### Task goal
Exactly and only the lines from the one with "June Jacobs Green" through the end of the listing are to be transcribed, both ends included.

### Provided entries

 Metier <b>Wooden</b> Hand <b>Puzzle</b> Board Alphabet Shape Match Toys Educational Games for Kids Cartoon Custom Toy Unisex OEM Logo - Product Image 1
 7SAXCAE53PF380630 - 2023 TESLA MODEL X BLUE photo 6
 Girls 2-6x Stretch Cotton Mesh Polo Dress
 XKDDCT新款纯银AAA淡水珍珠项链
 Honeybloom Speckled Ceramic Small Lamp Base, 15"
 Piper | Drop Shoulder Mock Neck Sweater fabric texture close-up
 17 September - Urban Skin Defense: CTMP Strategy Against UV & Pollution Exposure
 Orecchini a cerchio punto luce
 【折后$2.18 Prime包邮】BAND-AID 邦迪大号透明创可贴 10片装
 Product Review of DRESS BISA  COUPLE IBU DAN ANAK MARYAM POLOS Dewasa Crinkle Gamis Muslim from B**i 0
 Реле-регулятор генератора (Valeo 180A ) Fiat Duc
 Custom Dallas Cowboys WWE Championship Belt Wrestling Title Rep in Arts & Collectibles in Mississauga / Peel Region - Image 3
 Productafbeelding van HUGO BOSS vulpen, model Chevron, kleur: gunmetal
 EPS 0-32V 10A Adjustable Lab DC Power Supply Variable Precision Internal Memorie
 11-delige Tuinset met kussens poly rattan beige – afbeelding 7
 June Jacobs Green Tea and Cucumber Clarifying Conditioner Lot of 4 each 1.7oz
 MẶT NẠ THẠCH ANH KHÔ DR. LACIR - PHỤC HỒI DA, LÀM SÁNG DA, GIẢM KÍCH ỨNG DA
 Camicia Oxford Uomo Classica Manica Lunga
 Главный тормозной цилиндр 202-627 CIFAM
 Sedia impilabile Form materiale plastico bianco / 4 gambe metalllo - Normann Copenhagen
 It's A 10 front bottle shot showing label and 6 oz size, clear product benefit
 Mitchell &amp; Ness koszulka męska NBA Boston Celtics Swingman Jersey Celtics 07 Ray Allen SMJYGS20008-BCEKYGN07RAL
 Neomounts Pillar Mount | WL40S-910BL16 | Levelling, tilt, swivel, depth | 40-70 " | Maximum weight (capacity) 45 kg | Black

### Solution below
 June Jacobs Green Tea and Cucumber Clarifying Conditioner Lot of 4 each 1.7oz
 MẶT NẠ THẠCH ANH KHÔ DR. LACIR - PHỤC HỒI DA, LÀM SÁNG DA, GIẢM KÍCH ỨNG DA
 Camicia Oxford Uomo Classica Manica Lunga
 Главный тормозной цилиндр 202-627 CIFAM
 Sedia impilabile Form materiale plastico bianco / 4 gambe metalllo - Normann Copenhagen
 It's A 10 front bottle shot showing label and 6 oz size, clear product benefit
 Mitchell &amp; Ness koszulka męska NBA Boston Celtics Swingman Jersey Celtics 07 Ray Allen SMJYGS20008-BCEKYGN07RAL
 Neomounts Pillar Mount | WL40S-910BL16 | Levelling, tilt, swivel, depth | 40-70 " | Maximum weight (capacity) 45 kg | Black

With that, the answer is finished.